It actually has locked me out twice, well, three times, but the first was my fault. In the last two instances, unlocked doors became locked during the thirty or forty minutes I was outside walking in a meadow just up the hill behind the house. It wanted me to stay inside, and not to leave it even for a few minutes just beyond its doors. Or, maybe, it was angry at me for leaving it and was telling me not to come back. Who knows?

This evening, I went for a walk in the dark. It was the first time I have done that down the road which runs in front of the house during the two months that I have lived here. I have gone for a walk at night many, many times in the meadow just up the hill behind the house. I have stood there at times for a seemingly infinite moment, watching the stars, watching the moon -- listening for the sounds of the night and the creatures of the night, ready to growl back. It has been a good experience to do this.

Then, I returned to the Lake House and turned on every light I could find. It was the first time I have done that. Then, I returned to the road in front of the house with my camera and took a few photographs. Here, you see one. The upper room on the left, incidentally, is where I have had my computers and write these things to you. The upper room on the right has been the bedroom in which I have slept for the past two months.

On Sunday these things will end, and for one more time I will leave one place and move along to the next place. It seems like an endless walk, a road never traveled by anyone before me, with a destination I could not imagine no matter how hard I tried -- could not fathom even if I sold my soul for a mere hint, a simple clue. The end will be there waiting for me, probably laughing at me, hopefully welcoming me.

So, goodbye, October. Goodbye, Lake House. You see now? You believe me now? I told you October is the cruelest month.


The Deserted House
by Alfred, Lord Tennyson


Life and Thought have gone away
Side by side,
Leaving door and windows wide.
Careless tenants they!

All within is dark as night:
In the windows is no light;
And no murmur at the door,
So frequent on its hinge before.

Close the door; the shutters close;
Or through the windows we shall see
The nakedness and vacancy
Of the dark deserted house.

Come away: no more of mirth
Is here or merry-making sound.
The house was builded of the earth,
And shall fall again to ground.

Come away: for Life and Thought
Here no longer dwell;
But in a city glorious -
A great and distant city - have bought
A mansion incorruptible.
Would they could have stayed with us!

No song .... maybe, later .... maybe, not .... but ....

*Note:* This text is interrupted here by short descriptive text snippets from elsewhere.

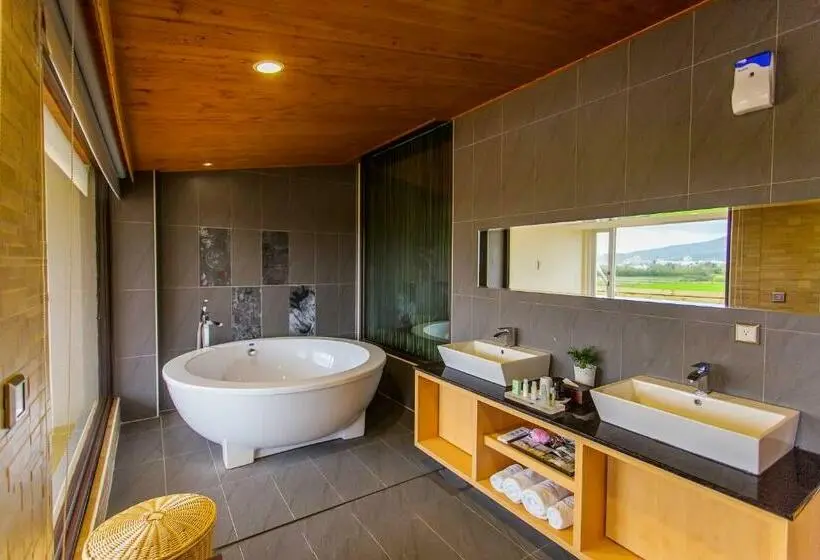 ویلای 1 خوابه, Shengtu Villa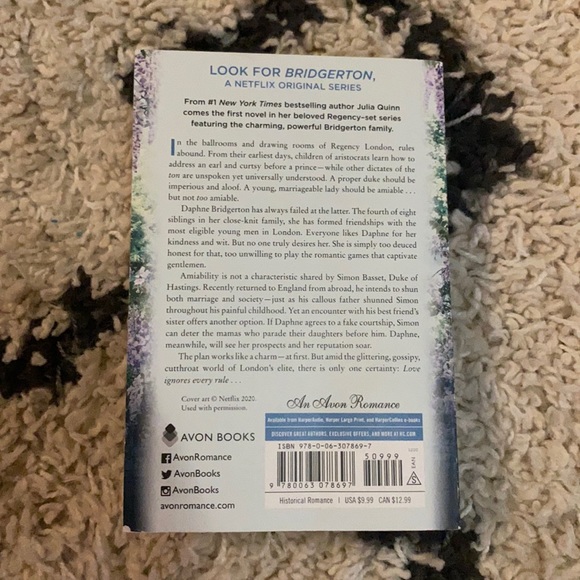 Bridgerton-The Duke & I softcover book - Picture 2 of 2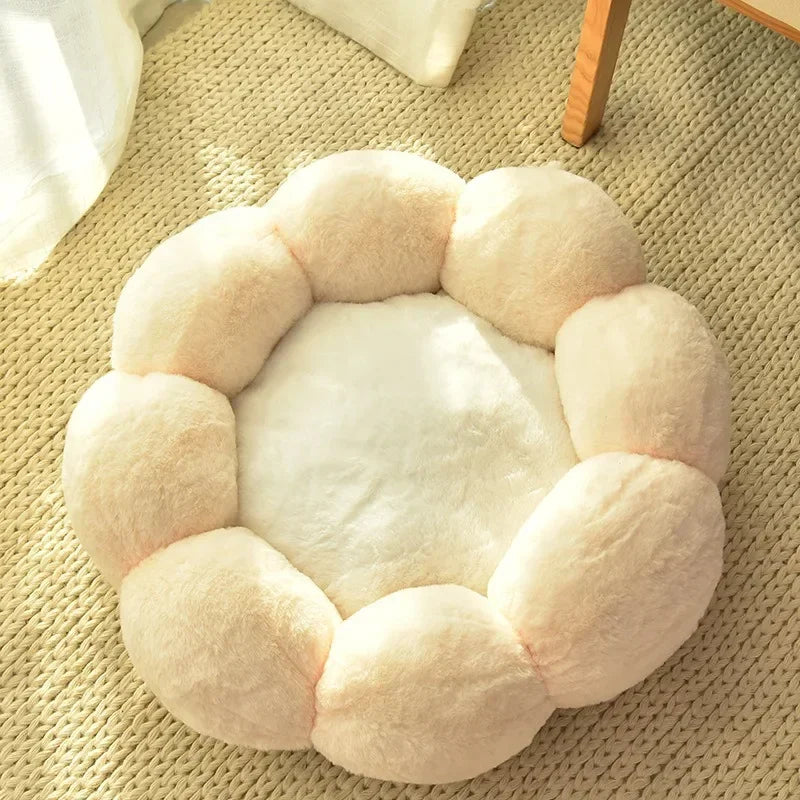 Comfortable Flower Shaped Pet Bed For Indoor Outdoor Use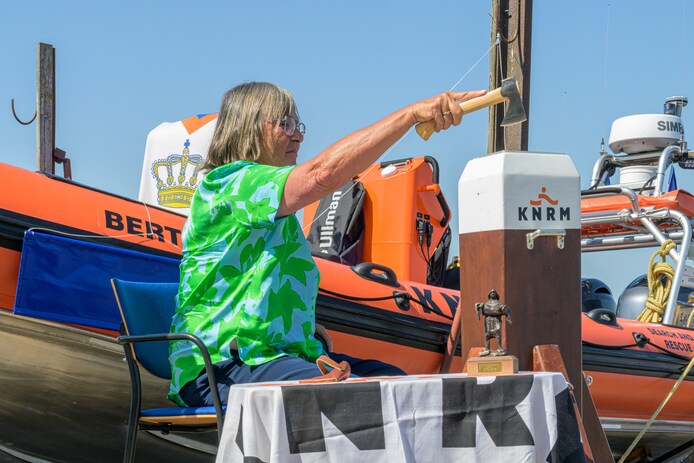 KNRM Marken doopt nieuwe reddingboot 'Bertien' | Waterland | AD.nl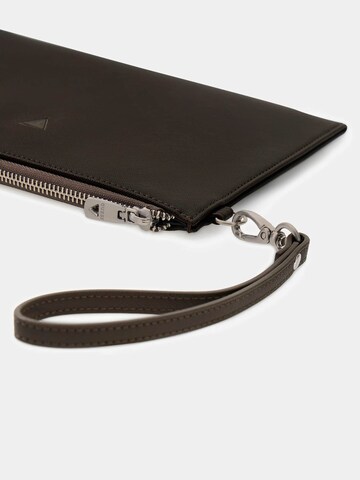 GUESS Wallet 'Milano' in Brown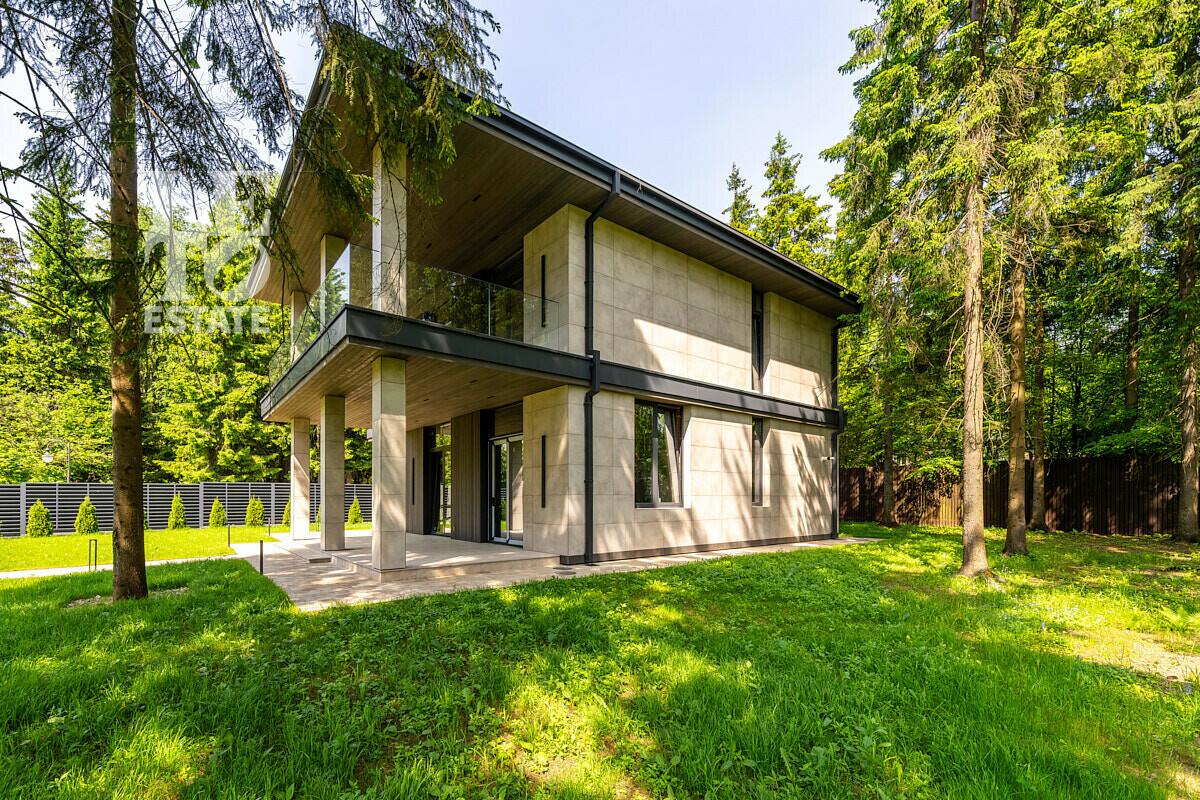 2-этажный коттедж 280 м² без отделки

Well, yes, I have found a song now, one from long ago that I think is beautiful and in which the lyrics are sort of appropriate to my own words in this post. I might add that whoever put together this video, I think, is cool and neat and shows significant, potential imaginative talent.

Now, if you would be kind enough to excuse me while I move from drifting in thought to rocking in real time. It is a night for a going-away party here, for a wake, for a last memory .... and, in the meanwhile, just close your own eyes and slip within the sound of the song .... it is a leap toward magic, you know ....

Monday, October 25, 2010

October, seen from behind an ancient oak

Just at the moment you begin to think you are alone, you look over your shoulder and there is the full moon, peering at you through the nearly bare branches of a huge, old oak tree, watching every movement you make. Wherever you hide, the full moon will search you out and find you.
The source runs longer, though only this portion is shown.